The cases cited by appellant, Weinsier v. Soffer, 358 So. 2d 61 (Fla. 3d DCA 1978), cert. denied, 365 So. 2d 714 (Fla. 1978); Tobin & Tobin Insurance Agency, Inc. v. Zeskind, 315 So. 2d 518 (Fla. 3d DCA 1975); Food Fair Stores, Inc. v. Vanguard Investments Co. Ltd., 298 So. 2d 515 (Fla. 3d DCA 1974), cert. denied, 305 So. 2d 209 (Fla. 1974); Rattan and Bamboo Shop, Inc. v. Rutter, 147 So. 2d 11 (Fla. 3d DCA 1962), are easily distinguished in that the oral agreements in each of those cases contemplated additional affirmative activity to take place after more than one year.

As the fourth point on appeal, appellant claims that appellees' original action was barred by the statute of limitations. Section 95.11(5)(a), Florida Statutes (1979) requires that an action for specific performance of a contract be brought within one year. Consistent with Florida law, this means that the statute of limitations begins to run on the date the contract is breached. Cf. Kilbreath v. State Farm Mutual Automobile Insurance Co., 401 So. 2d 846 (Fla. 5th DCA 1981); Airport Sign Corp. v. Dade County, 400 So. 2d 828 (Fla. 3d DCA 1981). Here, appellant did apply for a name change prior to the sixth-month period. When this name change was denied by the Comptroller in January of 1978, appellant reassured appellees it would reapply. Under the circumstances, we find no error in the conclusion of the trial court that the breach occurred only after appellant informed appellees it was not going to reapply for a name change, sometime in August of 1978. This suit was filed on March 29, 1979, within a year of that breach.
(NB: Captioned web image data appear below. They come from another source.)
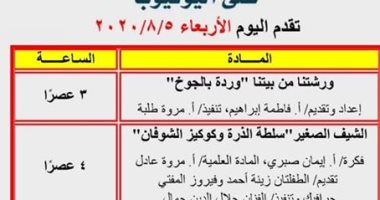 سلى ابنك مع القومى لثقافة الطفل مع ورشتنا من بيتنا "أونلاين"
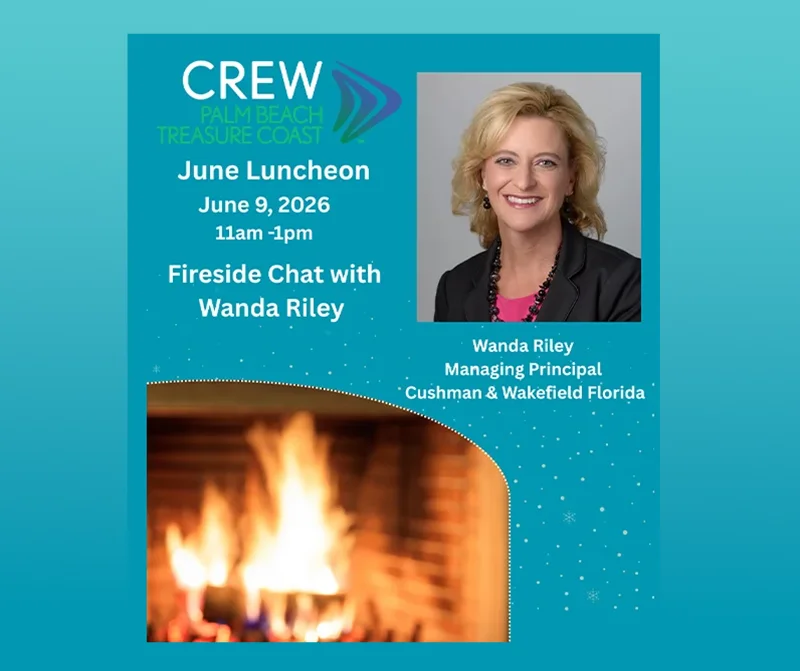 6 9 2026 June Luncheon 2026 Fireside Chat With Wanda Riley Featured Image
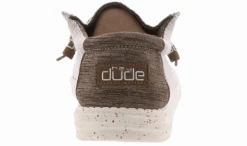 Men's Hey Dude 110381721 Wally Stretch Limestone Shoe -Western Cowboy Clothing limestone2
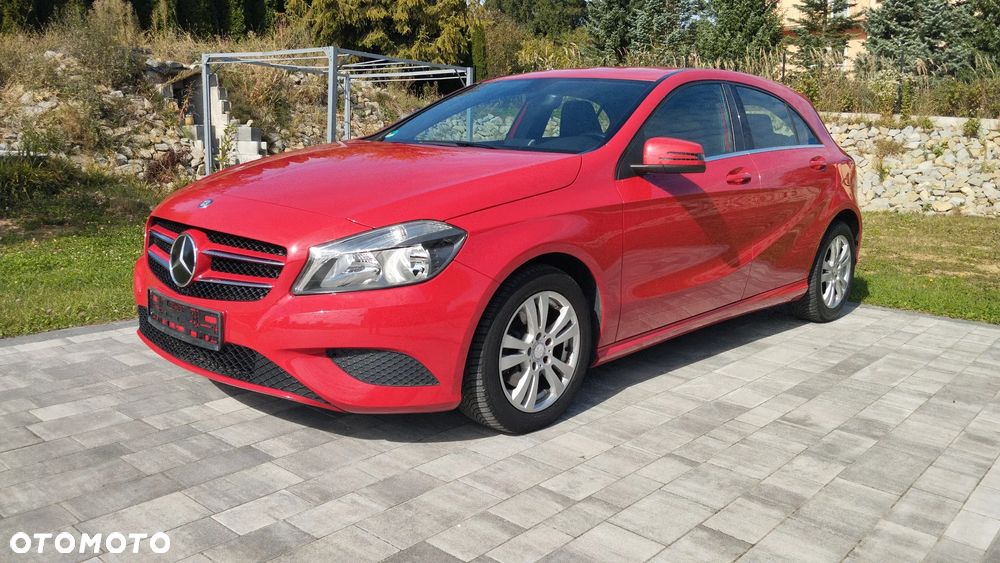 Mercedes-Benz Klasa A 180 (BlueEFFICIENCY) Urban - 1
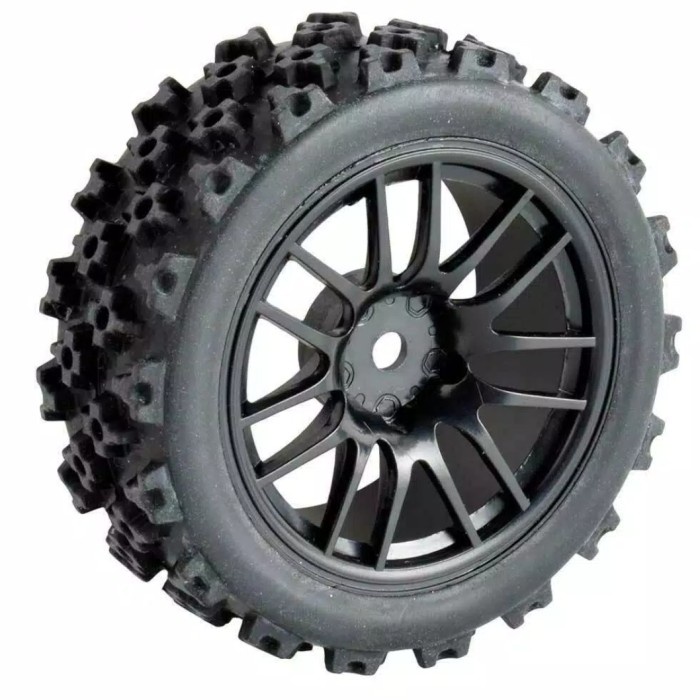 1pcs velg + ban offroad buggy RC 1/14 ZD wltoys 144001 HSP remo hsp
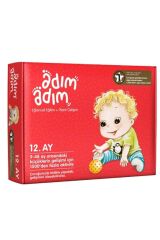 Adım Adım Bebek Eğitim Seti 12.ay /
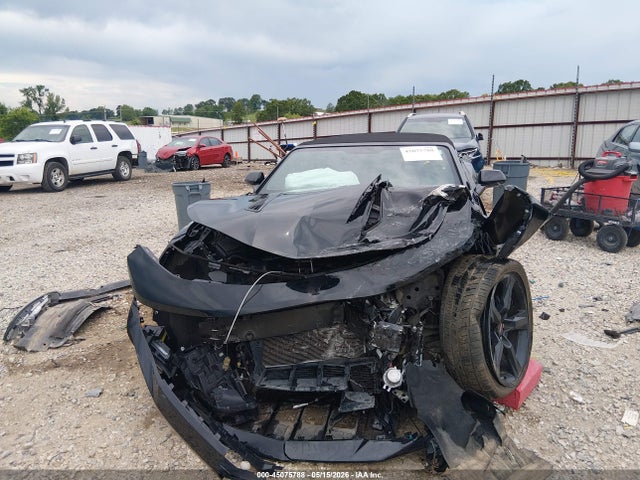 Продажа на аукционе авто 2018 Chevrolet Camaro 2ss, vin: 1G1FH3D70J0104963, номер лота: 45075788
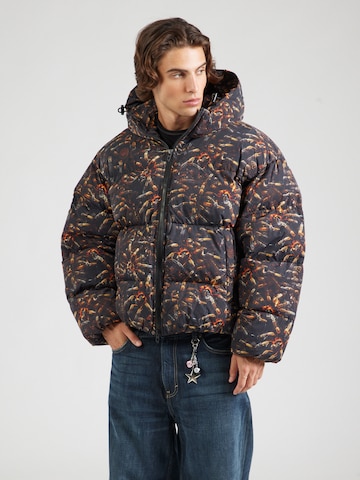 DIESEL - Chaqueta de invierno 'W-SPIDER' en marrón: frente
As the fifth point on appeal, appellant claims that the original action was barred by the April 14, 1978 accord and satisfaction. We find no reversible error in the finding of the trial court that the letter of April 14, 1978 did not constitute an accord and satisfaction as to the name change. That letter, written upon the request of appellant, and according to appellee agreed to only after it was assured that appellant would proceed with the name change, acknowledged that receipt of checks from appellant constituted a complete satisfaction of outstanding expenses previously billed. The letter was silent as to any obligation to change appellant's name. See, e.g., Rudick v. Rudick, 403 So. 2d 1091 (Fla. 3d DCA 1981); Hannah v. James A. Ryder Corp., 380 So. 2d 507 (Fla. 3d DCA 1980).

Affirmed.

NOTES

[1] 12 U.S.C.A. § 30 provides:

Any national banking association, with the approval of the Comptroller of the Currency, may change its name or change the location of the main office of such association within the limits of the city, town or village in which it is situated. Any national banking association, with the approval of the Comptroller of the Currency, may change the location of the main office of such association to any other location outside the limits of the city, town, or village in which it is located, but not more than thirty miles distant, by the vote of shareholders owning two-thirds of the stock of such association. A duly authenticated notice of the vote and of the new name or location selected shall be sent to the Comptroller of the Currency; but no change of name or location shall be valid until the Comptroller shall have issued his certificate of approval of the same.